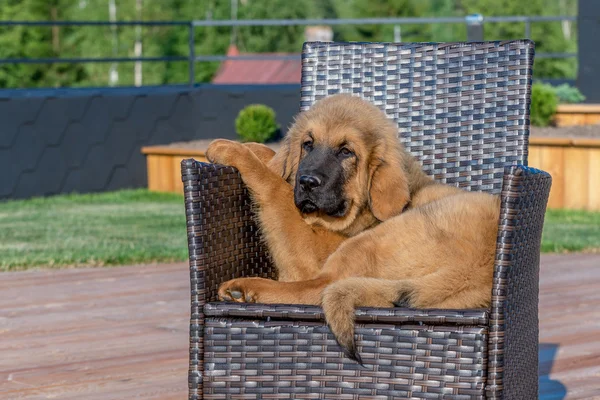 The Tibetan Mastiff. Puppy sits on the chair.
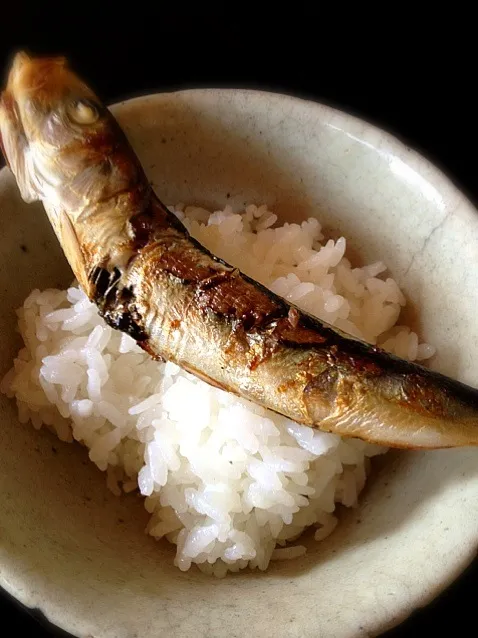 イワシ丸干し飯|炊かれたいオトコ おこん 小栁津さん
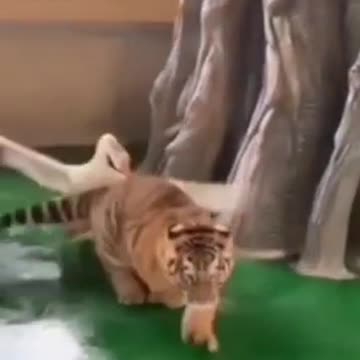 Never anger the geese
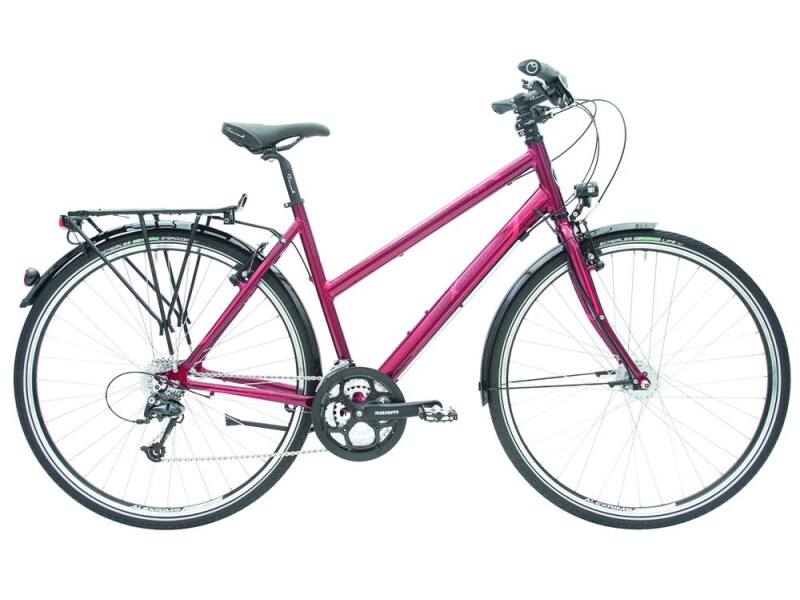 Maxcycles Traffix Rohloff Evo 1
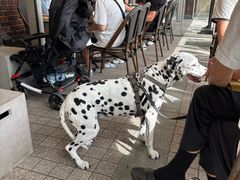 -横滨红砖仓库1号馆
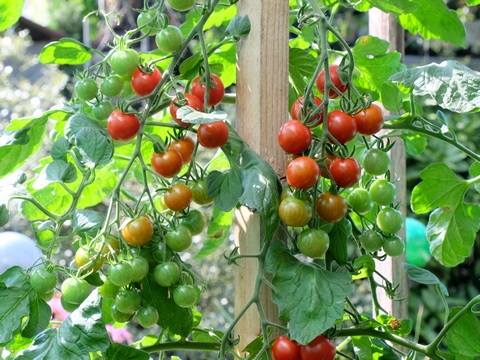 Tipps zu Anbau Pflanzung und Pflege von Tomaten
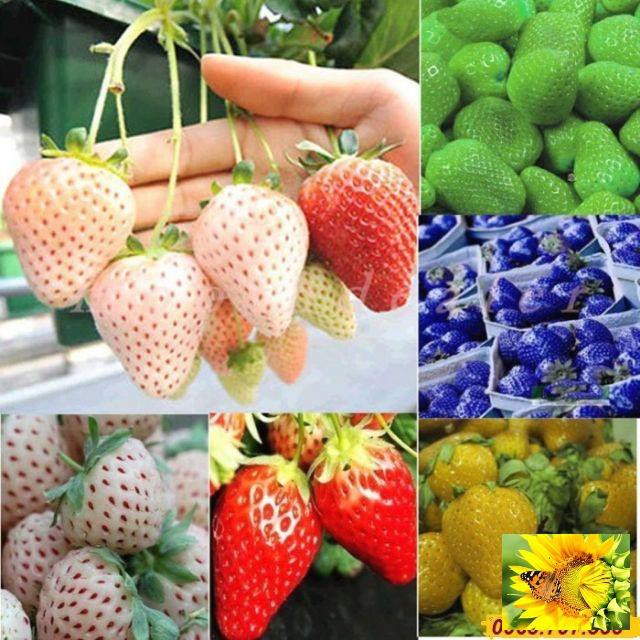 Gói 50 hạt giống dâu tây Mix nhiều màu luckyseed hạt siêu rẻ
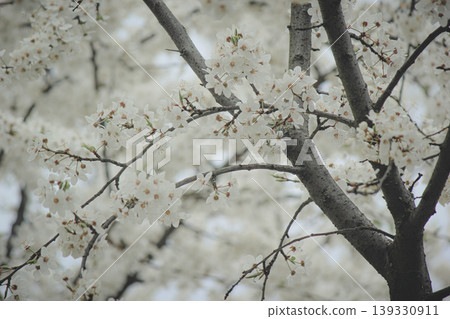 Beautiful white spring blossom of Prunus cerasifera tree against soft sky light for serene background Beautiful white spring blossom of Prunus cerasifera tree against soft sky light for serene background 139330911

+--

- **INSTRUCTIONS FOR THE TASK**
Quote the preceding records in their entirety, excluding every picture.

- **THE COMPLETED TASK**
 The Tibetan Mastiff. Puppy sits on the chair.
 イワシ丸干し飯|炊かれたいオトコ おこん 小栁津さん
 Never anger the geese
 Maxcycles Traffix Rohloff Evo 1
 -横滨红砖仓库1号馆
 Tipps zu Anbau Pflanzung und Pflege von Tomaten
 Gói 50 hạt giống dâu tây Mix nhiều màu luckyseed hạt siêu rẻ
 Beautiful white spring blossom of Prunus cerasifera tree against soft sky light for serene background Beautiful white spring blossom of Prunus cerasifera tree against soft sky light for serene background 139330911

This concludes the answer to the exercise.